*** Opening of Supplied information ***
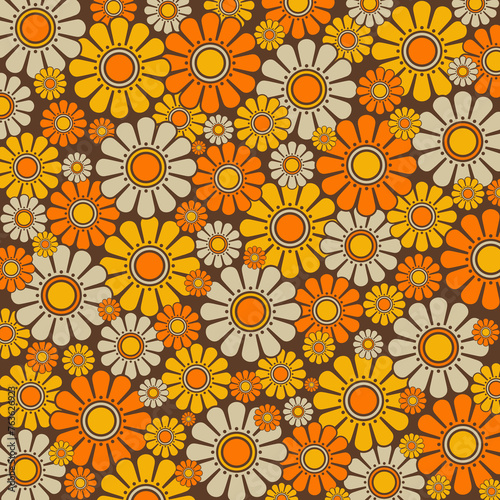 60s Style Flower Power Daisy Floral Pattern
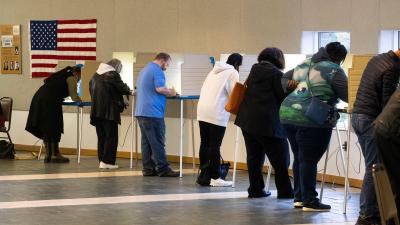 Voters cast their ballots at a polling station in Detroit, Michigan on Tuesday, November 8, 2023.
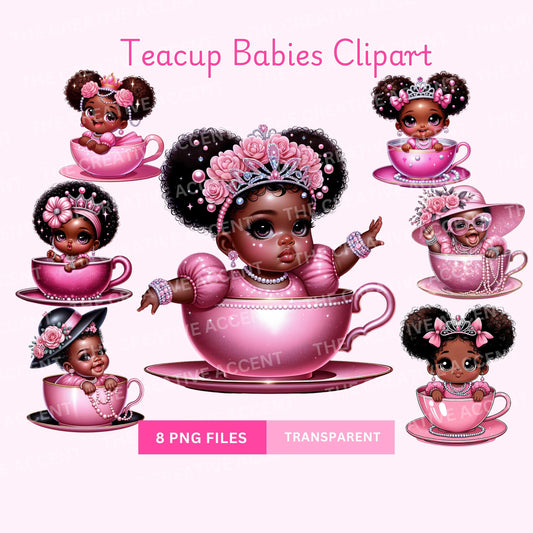 Black Teacup Baby Clipart, 9 PNG, Princess Sitting in a Teacup, Girl High Tea Church Party Theme Shower, Vintage, Pearls Birthday Vibes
*** Close of Supplied information ***
What you need to do:
Starting from the first line of the listing above, write out every line exactly through the one containing "Voters cast their", and drop the pictures.

Answer:
 60s Style Flower Power Daisy Floral Pattern
 Voters cast their ballots at a polling station in Detroit, Michigan on Tuesday, November 8, 2023.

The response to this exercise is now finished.